## Exercise goal
Print the data below exactly, but only the lines from the one containing "2+64G Android 13" down to the one containing "Vestido Stella Seda Italiana Petróleo .", inclusive.

=== Exercise material ===

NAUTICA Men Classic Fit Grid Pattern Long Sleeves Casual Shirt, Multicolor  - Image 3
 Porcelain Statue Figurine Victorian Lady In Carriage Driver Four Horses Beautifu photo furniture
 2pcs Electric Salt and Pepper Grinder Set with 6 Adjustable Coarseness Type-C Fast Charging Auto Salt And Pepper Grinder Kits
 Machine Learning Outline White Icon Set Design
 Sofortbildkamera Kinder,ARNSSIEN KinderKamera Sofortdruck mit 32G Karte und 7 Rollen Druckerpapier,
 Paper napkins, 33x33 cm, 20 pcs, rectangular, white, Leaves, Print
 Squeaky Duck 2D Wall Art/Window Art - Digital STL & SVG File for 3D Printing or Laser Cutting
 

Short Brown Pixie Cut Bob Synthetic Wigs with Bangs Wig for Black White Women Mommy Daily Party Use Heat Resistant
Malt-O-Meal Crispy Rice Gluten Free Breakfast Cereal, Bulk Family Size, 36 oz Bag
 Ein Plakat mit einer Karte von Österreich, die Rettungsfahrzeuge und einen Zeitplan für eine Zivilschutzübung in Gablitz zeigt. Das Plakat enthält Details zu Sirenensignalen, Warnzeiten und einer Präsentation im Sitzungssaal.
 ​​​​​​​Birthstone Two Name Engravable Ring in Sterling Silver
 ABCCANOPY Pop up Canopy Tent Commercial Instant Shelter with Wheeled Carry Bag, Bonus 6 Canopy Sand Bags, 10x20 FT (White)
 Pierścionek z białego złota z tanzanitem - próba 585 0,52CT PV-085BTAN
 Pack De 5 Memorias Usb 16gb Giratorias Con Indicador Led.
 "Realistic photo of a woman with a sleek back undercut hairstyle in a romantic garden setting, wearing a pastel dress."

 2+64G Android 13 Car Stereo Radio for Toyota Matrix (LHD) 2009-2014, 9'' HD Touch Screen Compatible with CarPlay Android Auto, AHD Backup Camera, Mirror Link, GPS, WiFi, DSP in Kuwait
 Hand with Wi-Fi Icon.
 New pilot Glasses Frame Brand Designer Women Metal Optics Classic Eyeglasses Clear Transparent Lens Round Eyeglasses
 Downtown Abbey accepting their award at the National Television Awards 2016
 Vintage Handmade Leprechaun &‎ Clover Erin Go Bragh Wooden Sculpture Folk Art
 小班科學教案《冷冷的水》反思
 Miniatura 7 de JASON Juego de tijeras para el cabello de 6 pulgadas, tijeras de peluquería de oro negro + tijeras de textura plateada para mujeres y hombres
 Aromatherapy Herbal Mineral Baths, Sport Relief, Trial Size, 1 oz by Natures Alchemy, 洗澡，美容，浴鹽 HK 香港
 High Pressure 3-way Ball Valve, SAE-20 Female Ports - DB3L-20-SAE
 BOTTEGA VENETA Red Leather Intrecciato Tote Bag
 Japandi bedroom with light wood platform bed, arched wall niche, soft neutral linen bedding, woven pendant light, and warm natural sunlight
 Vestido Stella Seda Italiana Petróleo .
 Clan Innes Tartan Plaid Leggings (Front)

===

## Written response
 2+64G Android 13 Car Stereo Radio for Toyota Matrix (LHD) 2009-2014, 9'' HD Touch Screen Compatible with CarPlay Android Auto, AHD Backup Camera, Mirror Link, GPS, WiFi, DSP in Kuwait
 Hand with Wi-Fi Icon.
 New pilot Glasses Frame Brand Designer Women Metal Optics Classic Eyeglasses Clear Transparent Lens Round Eyeglasses
 Downtown Abbey accepting their award at the National Television Awards 2016
 Vintage Handmade Leprechaun &‎ Clover Erin Go Bragh Wooden Sculpture Folk Art
 小班科學教案《冷冷的水》反思
 Miniatura 7 de JASON Juego de tijeras para el cabello de 6 pulgadas, tijeras de peluquería de oro negro + tijeras de textura plateada para mujeres y hombres
 Aromatherapy Herbal Mineral Baths, Sport Relief, Trial Size, 1 oz by Natures Alchemy, 洗澡，美容，浴鹽 HK 香港
 High Pressure 3-way Ball Valve, SAE-20 Female Ports - DB3L-20-SAE
 BOTTEGA VENETA Red Leather Intrecciato Tote Bag
 Japandi bedroom with light wood platform bed, arched wall niche, soft neutral linen bedding, woven pendant light, and warm natural sunlight
 Vestido Stella Seda Italiana Petróleo .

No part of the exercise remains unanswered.